For just a moment, maybe as in the life of any astronaut, Rob had a giddy sort of self-awareness, wondering, inwardly---what the heck am I doing here? Local boy makes good, he thought, but it’s a long way from Montana.
So, it was this sort of event that made each voyage unique. They repaired the antenna, did the needed work, then found their way back into the ship’s safety, back inside. The systems were checked and re-checked, and the communications link was re-booted. The ship’s engines were successfully re-started, and they reached Mars with no other problems. Their cargo was mostly supplies. But the space-walks, and other sudden terrors, were not for sissies, there in space.
As his shift for that period ended, Rob was feeling good about himself, and the flight, and even the news about the Russians. Whatever happened with that, would happen on its own. Their part was small. It was only by a fluke that the Penelope was now the lead-ship, on approach to Mars, during the apparent Russian-Islamic-Eastern Ukrainian incursion. The meteor was a ‘what-if’ as far as he was concerned. They’d figure it out.

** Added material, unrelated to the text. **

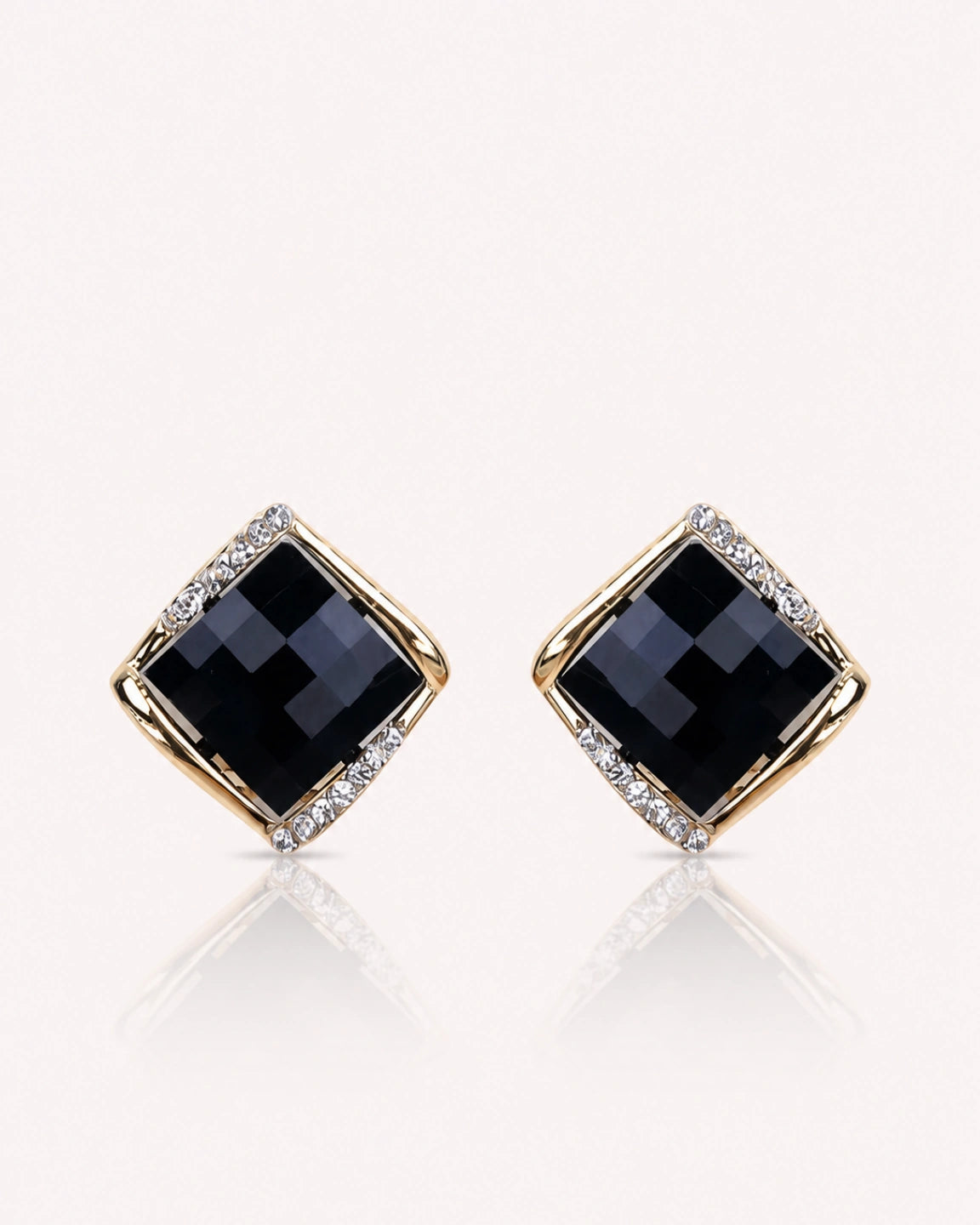 Black Diamond Stud Earrings – 14K Gold-Plated
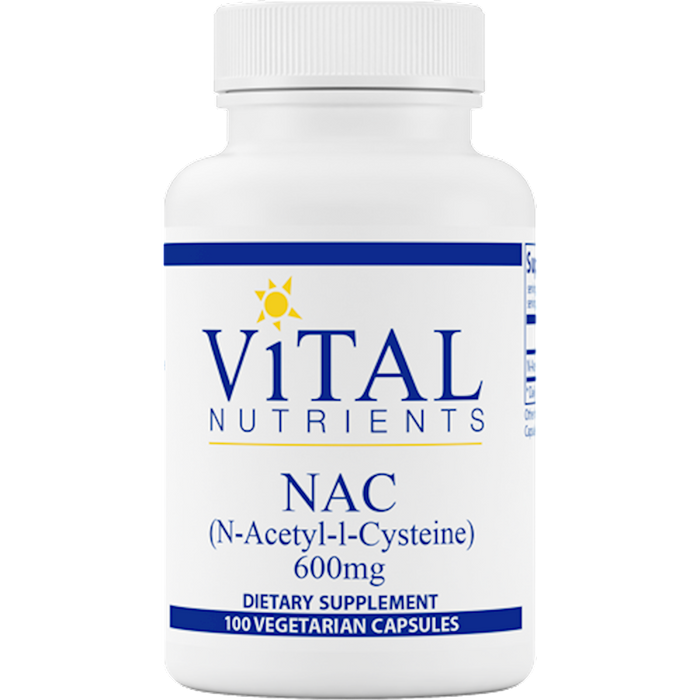 NAC (N-Acetyl-l-Cysteine) (600 mg) (100 Capsules)-Vital Nutrients-Pine Street Clinic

They had a lot going on for that sort, in 2077. Big Baby Bertha was being tracked constantly, and was still maybe four years out---he hadn’t reviewed the current day-date-hour-minute of the End of the World. It could be diverted from a collision with Earth, maybe even fairly easily, or maybe it would miss. They had time.
Guy soon appeared to take over, and they exchanged formalities.
“Anything on the bad guys?” Guy inquired.
“The program is keeping track. There was an up-date at 0830-hours. Nothing new. We’re a month ahead of their lead ship. There are five ships. Eight US ships are two months behind them, roughly, maybe more. Winton Berle is commander of the lead US-ship and the US-group. We’re under orders to do nothing. Our mission hasn’t changed. I guess the only new item is that there was a big conference in Europe about the meteor and the space-program in general, three days ago, or about that,” reported Rob.
Guy took over the pilot’s helm, and Rob retired until his next duty.